In six years, the Social Security trust fund will be bankrupt. Not the fund with which most Americans are familiar that provides monthly benefits to the nation’s retirees – that won’t go bust until a couple decades from now. But the less-familiar fund that paid out $126 billion in benefits last year to some 13.5 million disabled Americans.
Applications for federal disability benefits have risen nearly 50 percent over the past decade, according to a report by the Congressional Budget Office. That’s not because the ranks of the nation’s disabled have grown so dramatically but because an increasing number of jobless Americans are applying for federal disability benefits.
“It’s primarily economic desperation,” Social Security Commissioner Michael Astrue told The Associated Press. “People on the margins who get bad news in terms of a layoff and have no other place to go, they take a shot at disability.”
Indeed, roughly 3.3 million people are expected to apply for disability benefits this year. That’s 700,000 more than in 2008 and 1 million more than a decade ago. That exacerbates the looming financial crisis of a federal entitlement that has been operating in the red for some years now.
Meanwhile, as the U.S. population ages, and the disability rate resultantly increases, there is even more demand on Social Security’s disability trust fund. And that situation is made all the worse by a system in place that provides a perverse incentive for the nation’s seniors to seek disability benefits rather than waiting until they qualify for retirement benefits.
Indeed, retirees currently are eligible for full Social Security benefits when they turn 66 years old. Those that opt for early retirement can receive reduced benefits at 62. Now if a person is able to qualify for disability, they can receive full benefits (based on work history) even before they turn 62.
That, along with growing number of economically desperate jobless cited by Astrue, explains why there is a backlog of applicants for federal disability benefits.
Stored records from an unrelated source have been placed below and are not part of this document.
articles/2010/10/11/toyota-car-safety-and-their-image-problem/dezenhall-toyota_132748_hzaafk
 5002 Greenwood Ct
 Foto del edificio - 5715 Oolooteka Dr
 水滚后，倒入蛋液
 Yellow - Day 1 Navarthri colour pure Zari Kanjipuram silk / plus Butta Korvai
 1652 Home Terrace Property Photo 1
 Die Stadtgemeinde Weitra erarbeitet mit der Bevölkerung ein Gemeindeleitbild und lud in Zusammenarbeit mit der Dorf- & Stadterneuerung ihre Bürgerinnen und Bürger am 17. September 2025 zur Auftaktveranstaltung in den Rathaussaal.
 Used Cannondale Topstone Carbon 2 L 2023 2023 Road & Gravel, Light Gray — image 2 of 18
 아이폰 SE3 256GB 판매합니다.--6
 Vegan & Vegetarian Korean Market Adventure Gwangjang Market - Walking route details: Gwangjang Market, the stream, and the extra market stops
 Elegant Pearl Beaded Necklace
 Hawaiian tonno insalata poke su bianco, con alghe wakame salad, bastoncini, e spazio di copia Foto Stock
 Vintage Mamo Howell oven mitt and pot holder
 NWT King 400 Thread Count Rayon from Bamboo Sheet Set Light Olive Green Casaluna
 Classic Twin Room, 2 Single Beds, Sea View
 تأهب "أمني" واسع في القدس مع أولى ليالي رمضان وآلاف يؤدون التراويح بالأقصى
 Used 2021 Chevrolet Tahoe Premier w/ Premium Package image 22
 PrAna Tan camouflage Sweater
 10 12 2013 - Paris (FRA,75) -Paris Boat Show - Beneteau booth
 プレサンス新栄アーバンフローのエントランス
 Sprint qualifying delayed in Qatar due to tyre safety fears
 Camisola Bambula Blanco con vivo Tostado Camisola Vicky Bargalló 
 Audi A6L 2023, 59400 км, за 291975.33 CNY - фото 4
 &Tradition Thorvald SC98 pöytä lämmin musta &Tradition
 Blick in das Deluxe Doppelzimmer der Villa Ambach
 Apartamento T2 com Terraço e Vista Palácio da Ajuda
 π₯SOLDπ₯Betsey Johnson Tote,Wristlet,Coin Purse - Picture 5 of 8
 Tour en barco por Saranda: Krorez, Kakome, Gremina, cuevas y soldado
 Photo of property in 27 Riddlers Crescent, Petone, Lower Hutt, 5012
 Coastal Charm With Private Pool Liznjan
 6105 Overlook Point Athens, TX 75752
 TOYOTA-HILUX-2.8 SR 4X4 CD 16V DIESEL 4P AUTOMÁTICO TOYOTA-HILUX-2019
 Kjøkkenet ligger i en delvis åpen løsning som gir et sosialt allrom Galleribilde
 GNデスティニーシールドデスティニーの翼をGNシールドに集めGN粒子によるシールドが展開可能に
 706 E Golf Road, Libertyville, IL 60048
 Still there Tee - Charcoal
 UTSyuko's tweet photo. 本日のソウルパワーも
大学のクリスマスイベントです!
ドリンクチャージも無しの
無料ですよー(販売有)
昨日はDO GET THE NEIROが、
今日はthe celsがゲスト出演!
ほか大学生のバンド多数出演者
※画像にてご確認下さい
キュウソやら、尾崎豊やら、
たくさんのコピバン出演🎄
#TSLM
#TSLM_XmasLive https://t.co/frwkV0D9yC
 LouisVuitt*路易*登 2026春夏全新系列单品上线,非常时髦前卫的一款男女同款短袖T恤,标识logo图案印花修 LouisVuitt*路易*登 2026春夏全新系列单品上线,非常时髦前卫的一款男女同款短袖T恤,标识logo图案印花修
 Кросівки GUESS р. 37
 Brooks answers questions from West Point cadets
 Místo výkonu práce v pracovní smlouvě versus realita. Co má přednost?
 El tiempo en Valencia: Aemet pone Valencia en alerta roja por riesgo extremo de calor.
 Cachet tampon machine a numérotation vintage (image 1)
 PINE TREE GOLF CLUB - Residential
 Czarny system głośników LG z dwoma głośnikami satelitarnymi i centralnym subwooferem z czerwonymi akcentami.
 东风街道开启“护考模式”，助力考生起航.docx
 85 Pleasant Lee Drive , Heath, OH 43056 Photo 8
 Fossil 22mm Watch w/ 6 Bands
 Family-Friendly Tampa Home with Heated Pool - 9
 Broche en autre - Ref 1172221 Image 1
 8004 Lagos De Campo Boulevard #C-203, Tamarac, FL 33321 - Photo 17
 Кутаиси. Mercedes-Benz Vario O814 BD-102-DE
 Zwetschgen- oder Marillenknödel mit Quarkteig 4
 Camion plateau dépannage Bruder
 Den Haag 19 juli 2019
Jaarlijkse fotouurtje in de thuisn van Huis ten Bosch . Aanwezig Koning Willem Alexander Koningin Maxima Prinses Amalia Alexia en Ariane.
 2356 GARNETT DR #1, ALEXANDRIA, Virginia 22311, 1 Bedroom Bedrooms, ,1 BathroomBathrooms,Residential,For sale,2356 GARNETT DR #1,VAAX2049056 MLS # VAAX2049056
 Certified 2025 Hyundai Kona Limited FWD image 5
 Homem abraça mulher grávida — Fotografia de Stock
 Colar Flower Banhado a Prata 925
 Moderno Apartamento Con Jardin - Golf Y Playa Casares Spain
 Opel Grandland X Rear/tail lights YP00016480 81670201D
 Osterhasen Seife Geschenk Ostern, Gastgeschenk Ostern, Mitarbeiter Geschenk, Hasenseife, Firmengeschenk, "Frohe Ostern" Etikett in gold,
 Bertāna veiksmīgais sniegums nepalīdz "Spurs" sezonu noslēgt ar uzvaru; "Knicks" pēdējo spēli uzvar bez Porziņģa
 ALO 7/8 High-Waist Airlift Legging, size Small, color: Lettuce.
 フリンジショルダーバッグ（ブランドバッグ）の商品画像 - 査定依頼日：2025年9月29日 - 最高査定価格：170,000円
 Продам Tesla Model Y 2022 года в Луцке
It also explains why many applicants have had to wait as long as two years to have their applications approved.
In fact, about two-thirds of applications are initially rejected. Most of those rejected drop their claims, but those who soldier on through the lengthy appeals process often get approved for benefits.
Not surprisingly, a certain percentage of those cashing monthly disability checks shouldn’t be receiving government benefits.
In fact, a recent report by the Government Accountability Office, the investigative arm of Congress, disclosed that Social Security made $1.4 billion in overpayments last year to disability recipients who were no longer qualified for benefits (mostly because they had gone back to work).
Congress is targeting the overpayments but even if they are completely eliminated, it will do little to avert the disability trust fund’s looming bankruptcy. While $1.4 billion is a substantial sum, it’s little more than 1 percent of the benefits the fund will pay out this year.
That’s why the trustees who oversee Social Security are urging lawmakers to shore up the disability program by shifting money from the retirement trust fund, which they last did in 1994. It hardly will fix the problems of the disability fund, but it will stave off its bankruptcy until at least the next decade.